Somebody else’s question: Without solid continuous testing in place, CD is [a] fast track to continuous complaints from end users
Answer from Timothy Fitz: Not always, but usually. For the cases where it makes sense (small startup, or isolated segment that opts-in to alpha) you can find user segments who value features 100% over stability, and will gladly sign up for Continuous Deployment.
So what do I really think about Continuous Deployment
OK I can see how Continuous Deployment can work,
If: your architecture supports isolation, that it is horizontal and shallow, offering features that are clearly independent;
If: you don’t follow the all-or-none approach – that you recognize that some kinds of changes can be deployed continuously and some parts of the system are too important and require additional checks, tests, reviews, and more time;
If: you build up enough trust across the company;
If: your customers are willing to put up with more mistakes in return for faster delivery, if at least some of them are willing to help you do your testing for you;
If: you invest enough in tools and technology for automated layered testing and deployment and post-deployment checking and roll-back capabilities.
Continuous Deployment is still an immature approach and there are too many holes in it. And as Kent Beck has pointed out, there aren’t enough tools yet to support a lot of the ideas and requirements: you have to roll your own, which comes with its own costs and risks.

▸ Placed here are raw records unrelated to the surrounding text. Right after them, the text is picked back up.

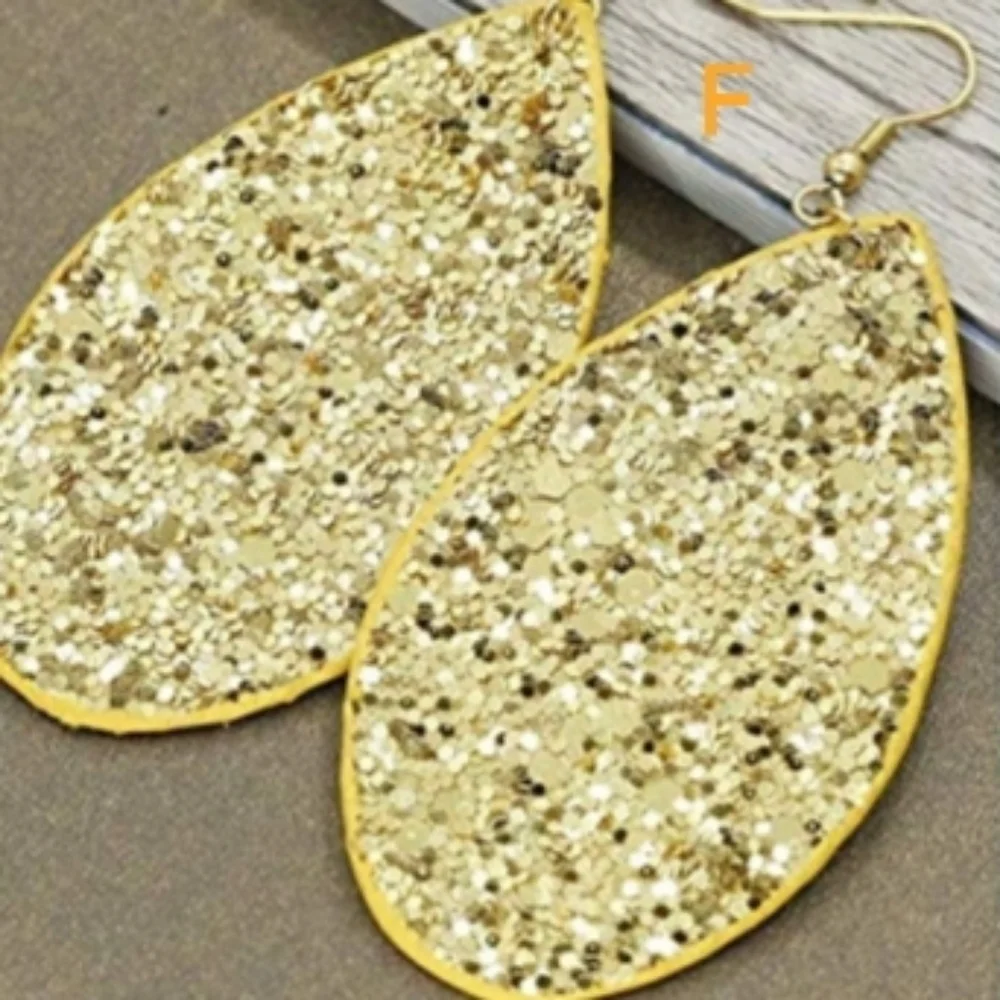 Sequin Teardrop Earrings - Picture 8 of 8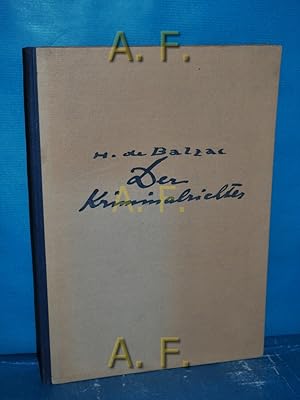 Immagine del venditore per Der Kriminalrichter. [Dt. v. Georg Goyert]. Mit 12 Pinselzeichngn v. Hans Fronius. Nachw. v. Jorg Lampe venduto da Antiquarische Fundgrube e.U.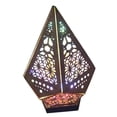 thumbnail image 3 of Lampe de Sol en Bois Bohème Géométrique Rétro LED Projection 3d pour Décoration Intérieure, 3 of 10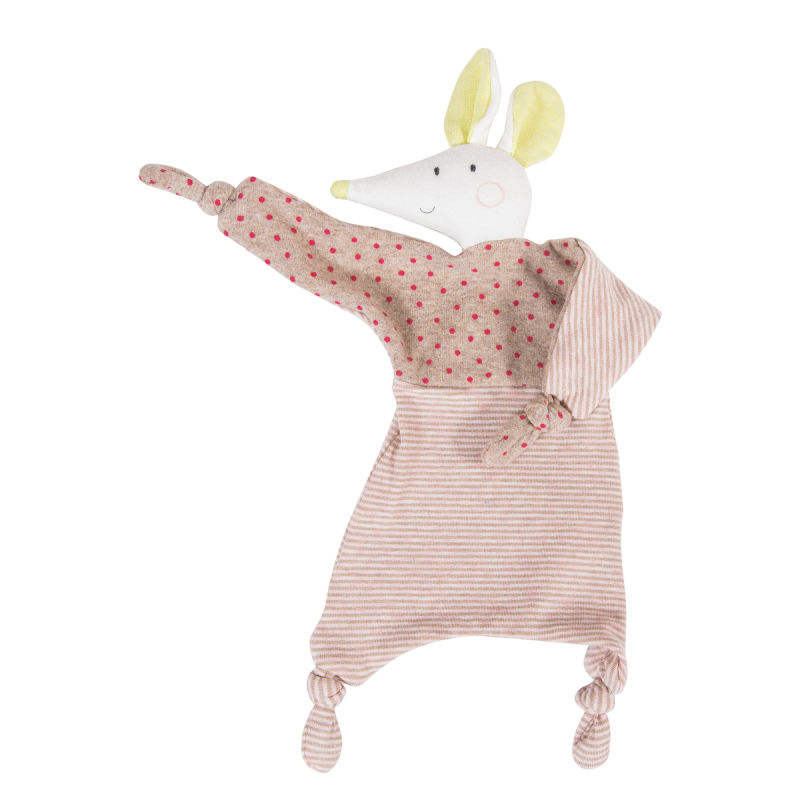  les petits dodos nine the mouse baby comforter pink green 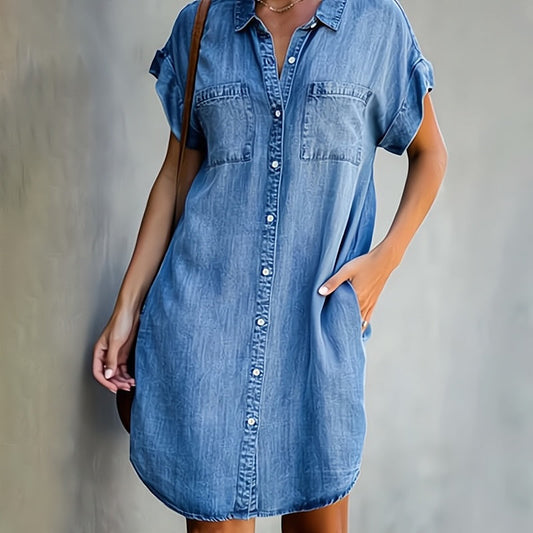 Beau Button-Down Shirt Dress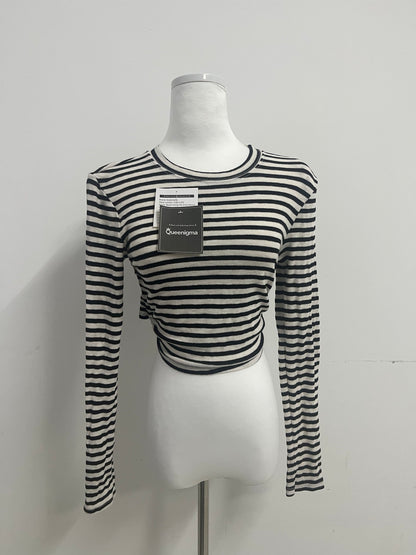 Queenigma Women's Mock Turtleneck Long Sleeve Slim Fit Stretch Striped T-Shirts Tunic Tops Fall Fashion Trendy Outfits Clothes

And finally, I have to question the fundamental importance of immediate feedback to a company. I can see that waiting a year, or even a month, for feedback can be too long. I fully understand and agree that sometimes changes need to be made quickly, that sometimes the windows of opportunity are small and we need to be ready immediately. And there’s first mover advantage, of course. But I have a hard time believing that any kind of changes need to be continuously made 50 times per day: that there are any changes that can be made that quickly that will have any real difference to customers or to the business. And I will go further and say that such rapid changes are not in the interests of customers, that they don’t need or even want this much change this fast. And that I don’t believe that it’s really about reducing waste, or maximizing velocity or increasing information value.
No, I suspect it is more about a need for immediate satisfaction – for programmers, and the people who drive them. Their desire to see what they’ve done get into production, and to see it right away, to get that little rush. The simple inability to delay gratification. And that’s not a good reason to adopt a model for change.